Software Engineering Methodologies (overview)eniolaolutunde
 

Último (20)

BASLIQ CURRENT LOOKBOOK LOOKBOOK(1) (1).pdf
BASLIQ CURRENT LOOKBOOK  LOOKBOOK(1) (1).pdfBASLIQ CURRENT LOOKBOOK  LOOKBOOK(1) (1).pdf
BASLIQ CURRENT LOOKBOOK LOOKBOOK(1) (1).pdf
 
9548086042 for call girls in Indira Nagar with room service
9548086042  for call girls in Indira Nagar  with room service9548086042  for call girls in Indira Nagar  with room service
9548086042 for call girls in Indira Nagar with room service
 
CARE OF CHILD IN INCUBATOR..........pptx
CARE OF CHILD IN INCUBATOR..........pptxCARE OF CHILD IN INCUBATOR..........pptx
CARE OF CHILD IN INCUBATOR..........pptx
 
Mastering the Unannounced Regulatory Inspection
Mastering the Unannounced Regulatory InspectionMastering the Unannounced Regulatory Inspection
Mastering the Unannounced Regulatory Inspection
 
Kisan Call Centre - To harness potential of ICT in Agriculture by answer farm...
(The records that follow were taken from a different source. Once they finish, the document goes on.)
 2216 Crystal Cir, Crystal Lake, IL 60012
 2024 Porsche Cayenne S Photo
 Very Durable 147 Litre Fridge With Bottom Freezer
Kisan Call Centre - To harness potential of ICT in Agriculture by answer farm...Kisan Call Centre - To harness potential of ICT in Agriculture by answer farm...
Kisan Call Centre - To harness potential of ICT in Agriculture by answer farm...
 
Código Creativo y Arte de Software | Unidad 1
Código Creativo y Arte de Software | Unidad 1Código Creativo y Arte de Software | Unidad 1
Código Creativo y Arte de Software | Unidad 1
 
Presentation by Andreas Schleicher Tackling the School Absenteeism Crisis 30 ...
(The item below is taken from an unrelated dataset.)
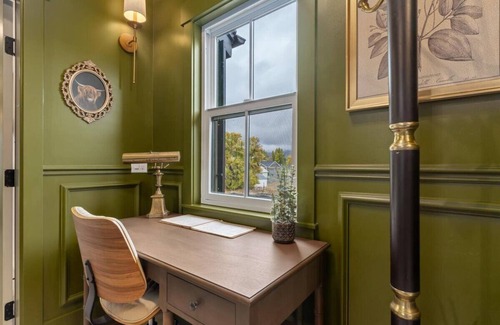 Midway Apartment | The Highland Cow Room - Newly Built Midway Loft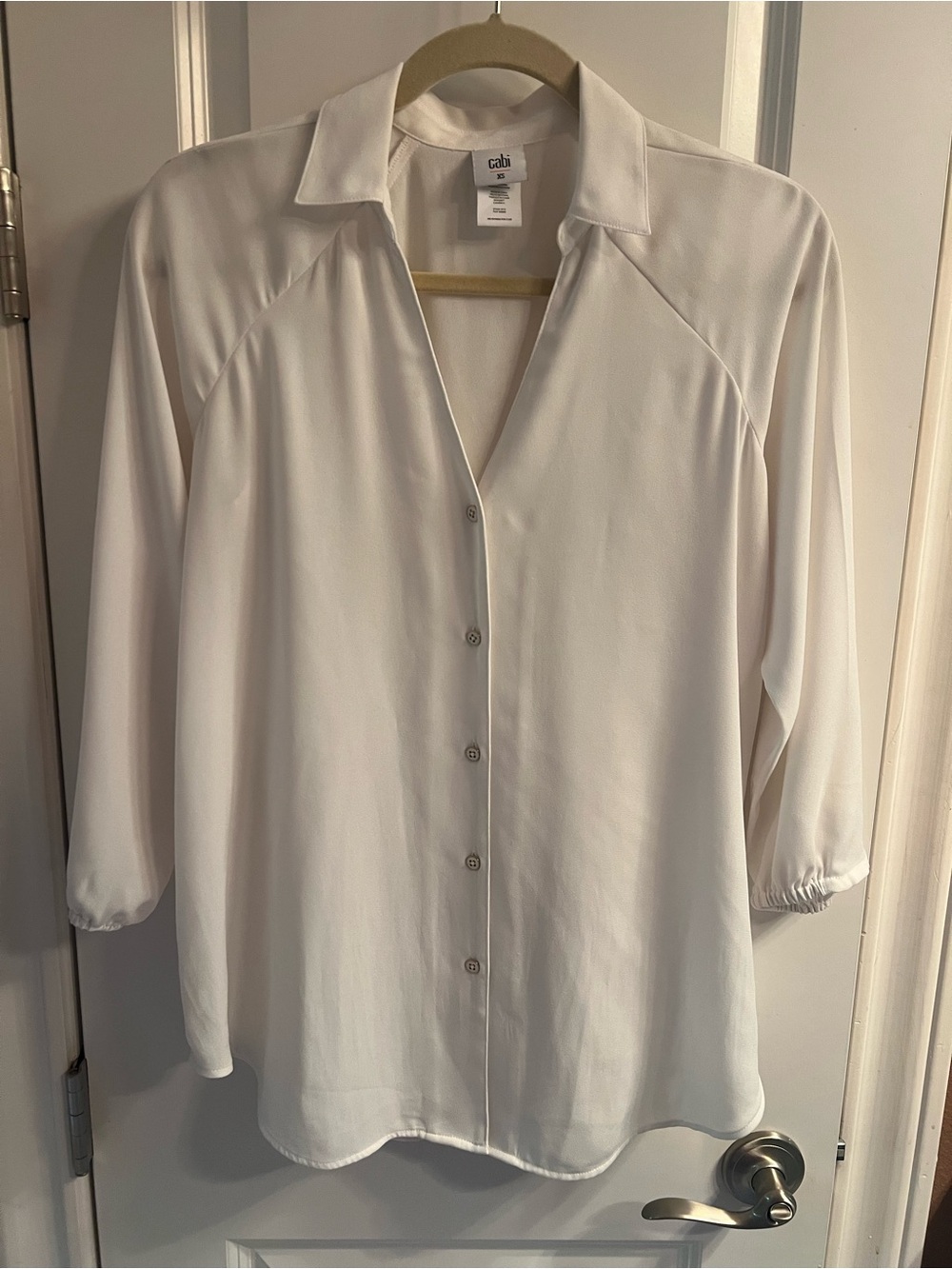 Cabi White Button-Front Blouse - Relaxed Collared Top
Presentation by Andreas Schleicher Tackling the School Absenteeism Crisis 30 ...Presentation by Andreas Schleicher Tackling the School Absenteeism Crisis 30 ...
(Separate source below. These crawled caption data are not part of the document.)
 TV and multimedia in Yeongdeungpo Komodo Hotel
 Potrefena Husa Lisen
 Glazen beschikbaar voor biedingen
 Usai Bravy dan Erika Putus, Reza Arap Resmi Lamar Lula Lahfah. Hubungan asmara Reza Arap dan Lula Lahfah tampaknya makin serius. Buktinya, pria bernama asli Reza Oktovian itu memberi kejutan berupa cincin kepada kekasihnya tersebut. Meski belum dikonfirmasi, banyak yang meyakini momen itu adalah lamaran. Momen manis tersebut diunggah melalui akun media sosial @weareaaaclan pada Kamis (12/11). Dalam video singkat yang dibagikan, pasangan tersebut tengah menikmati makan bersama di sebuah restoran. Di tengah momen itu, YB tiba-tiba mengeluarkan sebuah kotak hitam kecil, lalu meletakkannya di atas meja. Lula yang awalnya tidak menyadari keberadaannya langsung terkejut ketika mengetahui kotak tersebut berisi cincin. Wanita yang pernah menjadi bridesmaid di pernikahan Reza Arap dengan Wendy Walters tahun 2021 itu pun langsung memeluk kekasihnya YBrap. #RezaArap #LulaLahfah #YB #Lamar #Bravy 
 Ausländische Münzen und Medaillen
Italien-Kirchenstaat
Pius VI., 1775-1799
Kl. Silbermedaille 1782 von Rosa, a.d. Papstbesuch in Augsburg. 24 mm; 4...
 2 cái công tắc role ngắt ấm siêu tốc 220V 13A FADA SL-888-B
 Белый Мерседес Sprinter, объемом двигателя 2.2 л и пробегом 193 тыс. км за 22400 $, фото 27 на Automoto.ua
Presentation by Andreas Schleicher Tackling the School Absenteeism Crisis 30 ...
 
Measures of Dispersion and Variability: Range, QD, AD and SD
Measures of Dispersion and Variability: Range, QD, AD and SDMeasures of Dispersion and Variability: Range, QD, AD and SD
Measures of Dispersion and Variability: Range, QD, AD and SD
 
microwave assisted reaction. General introduction
microwave assisted reaction. General introductionmicrowave assisted reaction. General introduction
microwave assisted reaction. General introduction
 
Sanyam Choudhary Chemistry practical.pdf
Sanyam Choudhary Chemistry practical.pdfSanyam Choudhary Chemistry practical.pdf
Sanyam Choudhary Chemistry practical.pdf
 
The Most Excellent Way | 1 Corinthians 13
The Most Excellent Way | 1 Corinthians 13The Most Excellent Way | 1 Corinthians 13
The Most Excellent Way | 1 Corinthians 13
 
Mattingly "AI & Prompt Design: Structured Data, Assistants, & RAG"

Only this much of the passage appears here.